Fue breve, porque no podía ser de otra manera. Luego nos bañamos juntos y cenamos casi al filo de la medianoche. Tuvimos ganas de caminar y paseamos por la alameda, concurrida de trasnochado, borrachines, trovadores, fanáticos a la internet nocturna y parejas que, como nosotros, queríamos peinar la luna junto al mar. La ciudad, casi desierta al mediodía, trocaba el sol por la luna y salía a divertirse con ese tiempo desfasado que se vive en las urbes grandes.

Sobre el rugir de las olas en el malecón ella tomó mi mano, beso la palma y ´le murmuró a mis líneas de vida un «déjenme entrar». Yo tome su rostro y, tras un beso mutuo, dibujé en sus labios un «te amo» con los míos. Ambos lo decíamos en serio.

Por supuesto que en los días siguientes nos conocimos muchas veces más, aprendimos a dejar tiempo para otras cosas fuera de las largas sesiones y comprendimos que no hay que derrochar artes todo el tiempo. Tuvimos sexo tanto como nos hicimos el amor, lo primero con hambre mañanera —cuando el fiel y jodedor gallo del patio nos sacaba del sueño— y lo segundo como refinados gourmands en las cálidas noches de septiembre y ventilador.

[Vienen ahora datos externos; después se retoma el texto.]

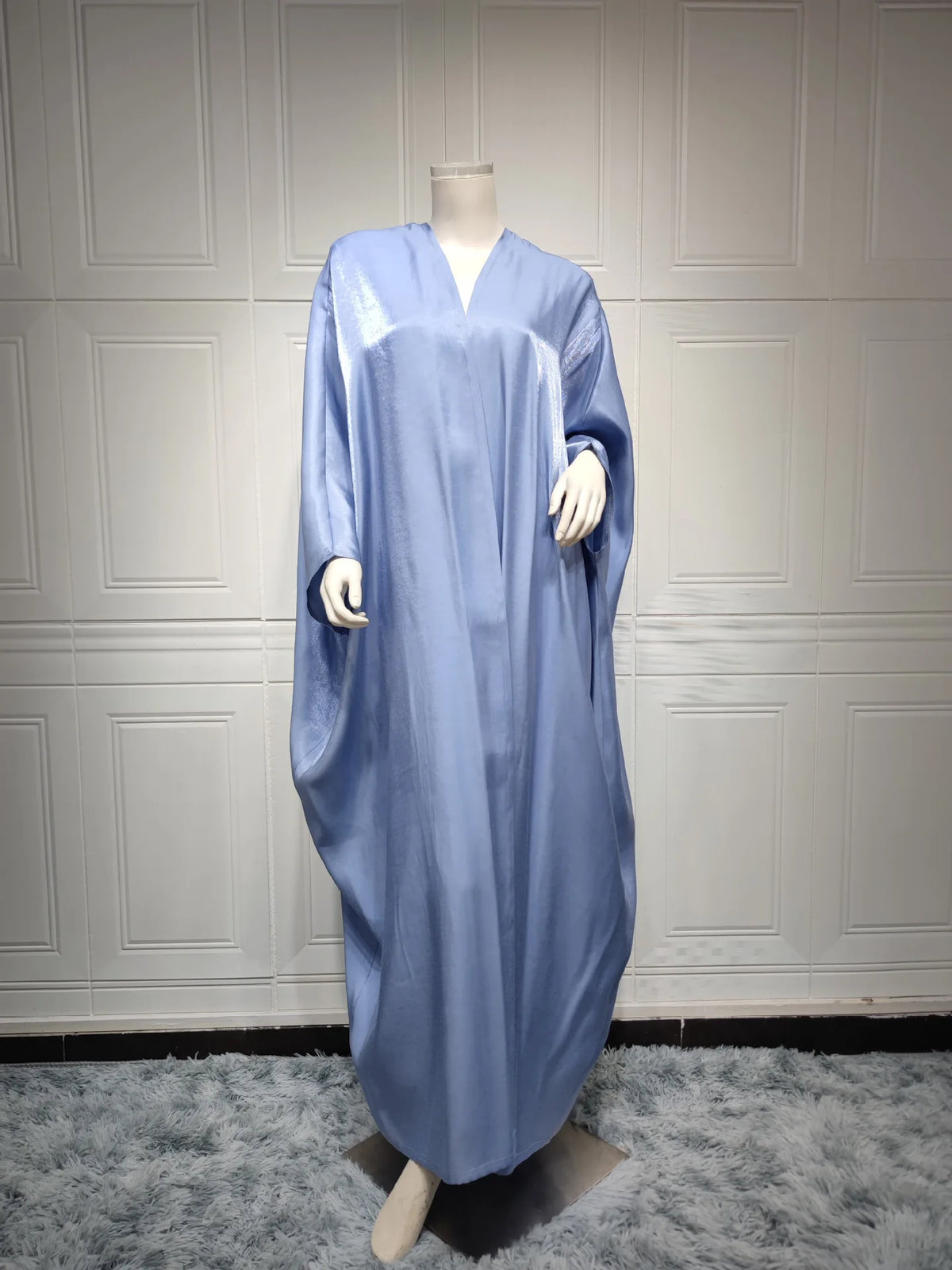 Ramadan Dubai Satin Modest Open Butterfly Batwing Kimono Abaya Cardigan Islam Muslim Dress For Women Kebaya Robe Musulmane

El día de mi partida pasamos la tarde en un banco junto al mar y yo volví a conocer el descanso en su regazo. La noche del adiós nos juramos ese amor que solo pueden compartir dos almas con los pies ennegrecidos de dar tantos tumbos por la guardarraya. Mientras me iba, todavía apretaba en un puño esa petición que le había hecho a mis líneas, junto al calor de su palma y el sabor de sus labios. Fue entonces que su lágrima salió de mi ojo y resbaló hasta mi barbilla. La dejé hacer y que se escurriese en sal en mi cara.

¿Nos veríamos otra vez? Sí, durante unos meses lo intentaríamos, hasta que la distancia enfriara las pasiones y los defectos —míos, de ella, eso no importa— pesaran más que el esfuerzo de cruzar abismos. Ella o yo buscaríamos al final otros brazos para revivir la felicidad, mientras otra vez caminaríamos guardarrayas como almas incompletas, vagando sin rumbo. Solos, en otras compañías.

Porque bien sabíamos que nunca regresará aquella tarde en que —por primera y única vez— fuimos eterna y para siempre felices.